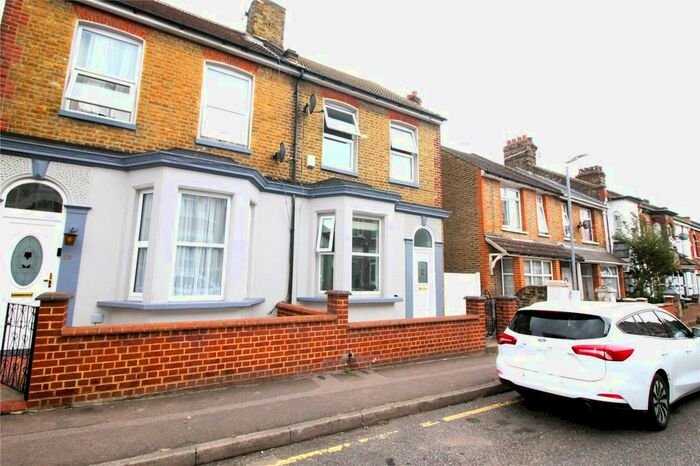 4 Bedroom Semi-Detached House To Rent In Norfolk Road, Gravesend, Kent, DA12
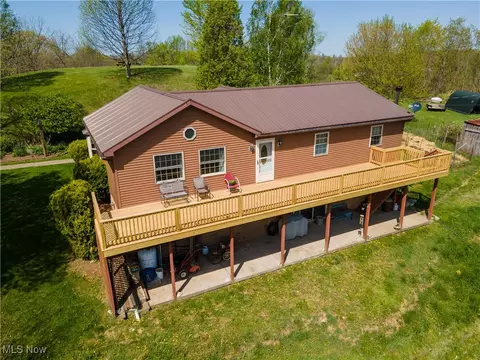 10239 Lee Creek Rd, Rockport, WV 26169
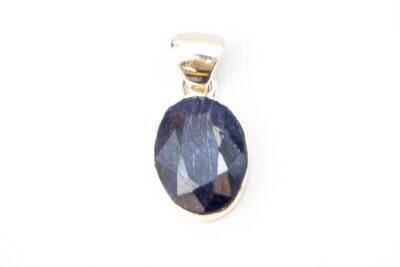 SILVER OVAL SAPPHIRE PENDANT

* * * *

• [Assignment]
The reply should consist only of the lines running from the one with "10239 Lee Creek Rd, Rockport, WV 26169" through the end of the material, both included, copied exactly; please omit pictures.

• [Exercise output]
 10239 Lee Creek Rd, Rockport, WV 26169
 SILVER OVAL SAPPHIRE PENDANT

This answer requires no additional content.